Qaddafi interested in purchasing computers for 1.2 million schoolchildren, which would make once-ostracized nation the world's leader in connecting kids to the Internet.
Written by ZDNET Editors, Contributor
The warming of relations with Libya and the U.S. has made inroads for nonprofits, including an agreement between the One Laptop Per Child (OLPC) project and the Libyan government to supply $100 laptops to all 1.2 million Libyan schoolchildren by June 2008, reports The New York Times.

Nicholas Negroponte, OLPC founder, was in Tripoli to discuss the project with Libyan officials. Negroponte's aim is to provide inexpensive wireless laptops to children in developing nations. The machines are set to go into mass productoin next year. Negroponte is currently making deals with leaders of developing countries. He met with Col. Muammar el-Qaddafi, in August.

"When I met with Qaddafi, it had all the mystique and trimmings expected: middle of the desert, in a tent, 50 degrees C. etc.," Mr. Negroponte, who was traveling to Asia on Tuesday, wrote in an email message. "It took him very little time to find O.L.P.C. appealing as an idea."

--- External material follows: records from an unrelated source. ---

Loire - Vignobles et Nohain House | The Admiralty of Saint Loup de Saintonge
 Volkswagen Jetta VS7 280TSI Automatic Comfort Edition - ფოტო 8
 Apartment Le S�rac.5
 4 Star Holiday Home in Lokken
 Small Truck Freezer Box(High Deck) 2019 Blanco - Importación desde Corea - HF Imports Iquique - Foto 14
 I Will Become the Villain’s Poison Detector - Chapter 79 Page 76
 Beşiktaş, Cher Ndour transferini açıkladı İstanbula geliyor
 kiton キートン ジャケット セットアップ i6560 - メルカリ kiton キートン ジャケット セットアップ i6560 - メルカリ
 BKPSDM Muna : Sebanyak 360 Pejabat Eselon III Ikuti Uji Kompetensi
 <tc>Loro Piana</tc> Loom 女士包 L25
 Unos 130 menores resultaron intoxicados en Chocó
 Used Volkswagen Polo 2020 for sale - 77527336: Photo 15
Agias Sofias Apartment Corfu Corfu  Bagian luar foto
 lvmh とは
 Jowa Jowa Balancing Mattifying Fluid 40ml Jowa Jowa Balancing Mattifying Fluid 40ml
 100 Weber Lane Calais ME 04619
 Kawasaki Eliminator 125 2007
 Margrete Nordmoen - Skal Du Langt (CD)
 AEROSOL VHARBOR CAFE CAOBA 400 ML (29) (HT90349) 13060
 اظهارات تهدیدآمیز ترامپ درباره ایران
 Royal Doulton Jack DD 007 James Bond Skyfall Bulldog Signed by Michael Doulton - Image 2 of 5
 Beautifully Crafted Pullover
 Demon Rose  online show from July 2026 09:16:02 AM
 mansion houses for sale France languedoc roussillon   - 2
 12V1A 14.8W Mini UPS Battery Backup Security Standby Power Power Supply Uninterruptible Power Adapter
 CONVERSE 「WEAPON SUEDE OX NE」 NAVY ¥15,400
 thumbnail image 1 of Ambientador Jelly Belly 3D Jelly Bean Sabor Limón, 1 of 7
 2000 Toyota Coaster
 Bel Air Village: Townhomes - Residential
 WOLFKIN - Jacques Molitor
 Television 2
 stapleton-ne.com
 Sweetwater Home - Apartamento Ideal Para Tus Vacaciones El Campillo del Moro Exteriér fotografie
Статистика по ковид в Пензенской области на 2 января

It appears that the idea for supplying every child in Libya with a laptop meshed with Qaddafi's political ambitions for creating a more open Libya and becoming an African leader. There was even some talk of having Libya purchase laptops for poorer African nations like Chad, Niger and Rwanda.

If this project is implemented, Libya will become the first nation in the world where all school-age children are connected to the Internet through educational computers. "The U.S. and Singapore are not even close," said Negroponte.